PART 1: From the NIPS Experiment to the ESA Experiment
In 2014, the organizers of the Conference on Neural Information Processing Systems (NeurIPS, then still called NIPS) made an interesting experiment.1 They split their program committee (PC) in two and let each half independently review a bit more than half of the submissions. That way, 10% of all submissions (166 papers) were reviewed by two independent PCs. The aimed at acceptance rate per PC was 23%. The result of the experiment was that among these 166 papers, the set of accepted papers from the two PCs overlapped by only 43%. That is, more than half of the papers accepted by one PC were rejected by the other. This led to a passionate flare-up of the old debate of how effective or random peer-reviewing really is and what we should do about it.
The experiment left open a number of interesting questions:
- How many papers that looked like "clear" accepts in one PC were rejected by the other PC, if any?
- How many papers that looked like "clear" rejects in one PC were accepted by the other PC, if any?
- How well did the rankings of the two PCs correlate, and is there a natural cutoff to determine the set of accepted papers?
- Do the discussions of the papers between PC members help decrease the randomness of the decisions?
- What does this all mean for the future of peer review?
To answer these questions, in 2018 I conducted an experiment similar to the NIPS experiment, but with richer data and a deeper analysis. The target was the 26th edition of the "European Symposium on Algorithms" (ESA), a venerable algorithms conference. ESA receives around 300 submissions every year and has two tracks: the more theoretical Track A and the more practical Track B. For the experiment, I picked Track B, which received 51 submissions that year. Two independent PCs were set up, each with 12 members and tasked with an acceptance rate of 24%. A total of 313 reviews were produced. These numbers are smaller than for the NIPS experiment, but still large enough to yield meaningful results. Importantly, they were small enough to allow for a time-intensive deeper analysis.
Both PCs followed the same standard reviewing process, which was agreed on and laid out in advance as clearly as possible:
- Phase 1: PC members entered their reviews without seeing any of the other reviews.
- Phase 2: PC members discussed with each other, mostly on a per-paper basis, and papers were proposed for acceptance/rejection in rounds.
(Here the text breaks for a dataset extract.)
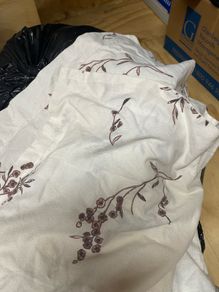 Lovely Double Quilt Bedspread + Matching Pillow Sham + Matching Cushion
- Phase 3: The remaining ("gray zone") papers were compared with each other and all papers left without a clear decision in the end were decided by voting.
PC members were explicitly asked and repeatedly reminded to also update the score of their review whenever they changed something in their review. This allowed a quantitative analysis of the various phases of the reviewing process. For more details on the setup, the results, the data, and a script to evaluate and visualize the data in various ways, see the website of the experiment.2
PART 2: The main results of the ESA experiment
Let us first get a quick overview of the results and then, in Part 3, discuss their implications.
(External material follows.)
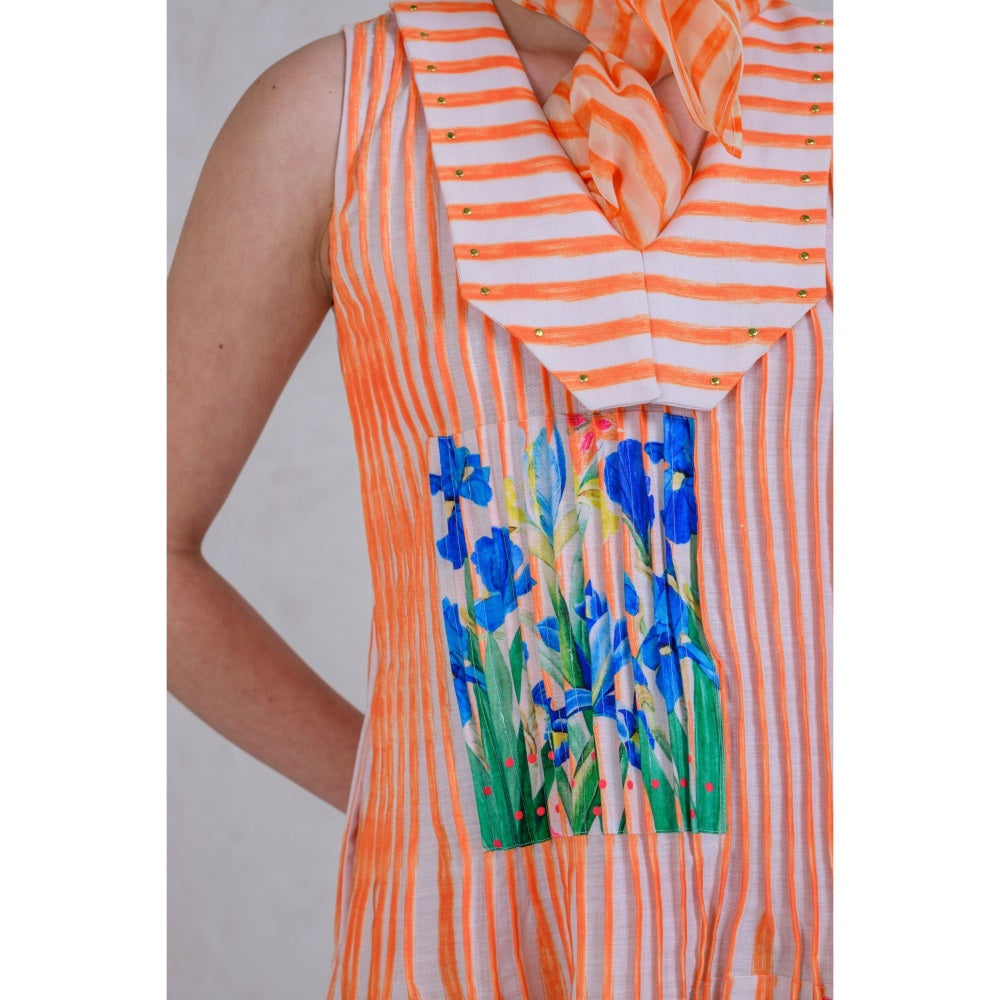 The Dramebaaz Company Mystic Maven Pintucks Dress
What is the overlap in the set of accepted papers? In the NIPS experiment, the overlap was 43%. In the ESA experiment, the overlap was 58%. The acceptance rates were almost the same. To put these figures into perspective: if the reviewing algorithm was deterministic, the overlap would be 100%. If a random subset of papers was accepted by each PC, the expected overlap would be 24%. If 10% / 20% / 20% / 50% of the papers were accepted with probabilities 0.8 / 0.6 / 0.1 / 0.0, the expected overlap would be around 60%. The overlap is not the best number to look at, since it depends rather heavily on the number of accepted papers; see below.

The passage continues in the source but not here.